Mr Littlewood gave Mr Cluer a letter asking him to take the day off to consider his retirement plans and return at 4pm to attend a meeting to discuss them. He did so, and, despite Mr Cluer’s requests to work up until Christmas and then retire, he received a further letter from Mr Littlewood the following day, confirming that he was to retire at the end of the month.
In respect of enforcing a retirement age, Mr Littlewood relied upon his knowledge of public sector employees who, he understood, were required to retire upon reaching their 65th birthday.
Mr Cluer disagreed and believed his dismissal by enforced retirement was unlawful as there was no reference to a compulsory retirement age in his contract of employment.
Having considered all the evidence, the Tribunal found in favour of Mr Cluer. However, the panel members concluded that Mr Cluer had been dismissed on conduct grounds, not because of his age. The relevance of Mr Cluer’s age in this case lay in the fact that he had reached retirement age and Mr Littlewood relied upon this as an excuse to act. Specifically, the Tribunal found that “Mr Cluer’s age, having reached age 65, presented an opportunity to Mr Littlewood for the matter of their poor working relations and Mr Littlewood’s failure to deal with the issue of Mr Cluer’s conduct in the workplace to be dealt with under the guise of retirement”. As conduct was the reason for the dismissal and no disciplinary procedure had been followed, the Tribunal found that Mr Cluer had been unfairly dismissed.

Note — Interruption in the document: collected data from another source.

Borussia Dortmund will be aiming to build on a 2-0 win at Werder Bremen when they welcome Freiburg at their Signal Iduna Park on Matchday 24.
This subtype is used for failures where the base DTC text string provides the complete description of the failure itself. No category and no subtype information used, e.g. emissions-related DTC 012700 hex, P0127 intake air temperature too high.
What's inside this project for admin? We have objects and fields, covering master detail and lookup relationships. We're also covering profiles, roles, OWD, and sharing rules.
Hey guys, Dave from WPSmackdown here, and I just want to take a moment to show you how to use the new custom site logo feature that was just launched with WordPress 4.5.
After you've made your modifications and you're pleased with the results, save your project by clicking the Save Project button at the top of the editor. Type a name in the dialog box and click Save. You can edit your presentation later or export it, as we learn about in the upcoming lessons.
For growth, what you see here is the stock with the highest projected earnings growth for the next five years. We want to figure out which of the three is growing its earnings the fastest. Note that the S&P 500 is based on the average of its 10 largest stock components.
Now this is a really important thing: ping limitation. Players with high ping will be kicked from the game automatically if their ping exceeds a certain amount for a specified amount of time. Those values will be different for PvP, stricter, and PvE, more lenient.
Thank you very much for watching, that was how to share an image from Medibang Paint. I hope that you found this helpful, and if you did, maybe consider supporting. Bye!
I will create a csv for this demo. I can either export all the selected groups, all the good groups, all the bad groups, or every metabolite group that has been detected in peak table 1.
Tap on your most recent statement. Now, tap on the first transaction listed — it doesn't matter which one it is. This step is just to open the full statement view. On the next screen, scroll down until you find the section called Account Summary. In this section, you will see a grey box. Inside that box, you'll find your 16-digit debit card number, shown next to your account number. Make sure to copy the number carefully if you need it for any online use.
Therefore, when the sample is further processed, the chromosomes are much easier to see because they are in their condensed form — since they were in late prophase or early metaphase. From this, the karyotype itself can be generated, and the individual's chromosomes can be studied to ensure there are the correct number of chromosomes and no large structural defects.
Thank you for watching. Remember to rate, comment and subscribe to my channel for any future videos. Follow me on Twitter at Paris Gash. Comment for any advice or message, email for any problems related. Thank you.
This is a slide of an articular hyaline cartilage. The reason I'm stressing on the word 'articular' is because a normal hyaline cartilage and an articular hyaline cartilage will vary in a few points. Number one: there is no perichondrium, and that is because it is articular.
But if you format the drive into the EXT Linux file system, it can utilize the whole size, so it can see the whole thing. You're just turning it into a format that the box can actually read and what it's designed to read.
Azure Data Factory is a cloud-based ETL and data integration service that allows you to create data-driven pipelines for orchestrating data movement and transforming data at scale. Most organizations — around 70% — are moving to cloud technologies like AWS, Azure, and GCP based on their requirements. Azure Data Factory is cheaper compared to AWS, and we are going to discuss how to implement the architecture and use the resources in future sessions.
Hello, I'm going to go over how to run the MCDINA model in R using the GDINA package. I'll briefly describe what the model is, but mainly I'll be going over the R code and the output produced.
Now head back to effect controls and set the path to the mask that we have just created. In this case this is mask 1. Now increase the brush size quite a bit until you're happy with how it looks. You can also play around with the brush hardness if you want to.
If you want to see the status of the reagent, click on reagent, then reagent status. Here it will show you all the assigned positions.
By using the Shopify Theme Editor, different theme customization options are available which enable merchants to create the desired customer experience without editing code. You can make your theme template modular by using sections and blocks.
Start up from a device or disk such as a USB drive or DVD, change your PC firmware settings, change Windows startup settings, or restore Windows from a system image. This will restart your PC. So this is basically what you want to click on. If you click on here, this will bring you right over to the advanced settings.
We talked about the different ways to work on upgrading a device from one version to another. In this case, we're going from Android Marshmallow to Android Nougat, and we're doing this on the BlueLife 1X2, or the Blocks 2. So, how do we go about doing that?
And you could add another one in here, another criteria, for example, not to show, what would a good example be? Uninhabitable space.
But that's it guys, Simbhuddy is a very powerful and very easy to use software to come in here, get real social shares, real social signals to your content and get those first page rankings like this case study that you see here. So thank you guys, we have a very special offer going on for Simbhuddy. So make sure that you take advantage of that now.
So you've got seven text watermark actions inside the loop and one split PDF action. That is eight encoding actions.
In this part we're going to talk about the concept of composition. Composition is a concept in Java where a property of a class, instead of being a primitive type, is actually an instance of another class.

It is perfectly lawful to refer to a compulsory retirement age, for example age 65, in a Guernsey contract of employment. Provided the contract of employment makes it clear that termination at age 65 is by mutual consent and there is no requirement for notice or pay in lieu of notice, there should be no legal exposure for the employer if the employment is terminated on an employee’s 65th birthday for no other reason than by reason of them attaining the age of 65.
Had Mr Cluer’s contract of employment contained a compulsory retirement age and had his employment been terminated by mutual agreement on him attaining that age, the case would have undoubtedly centred around different facts and had a different outcome, if indeed it had been brought before the Tribunal at all.
Even if it is not expressly referred to in the contract of employment, it may be that a policy can be inferred by a reference in some other document, for example, if there is a reference to a retirement age in any pension scheme booklet relevant to the employment.
That said, any express reference is capable of being rebutted by a ‘custom and practice’ argument if, for example, in practice, employees are typically retired at some other age. If it can be established that there is a legitimate expectation and understanding amongst employees that that is the case, this may be sufficient to define a ‘normal retirement age’ which may differ from the ‘contractual retirement age’.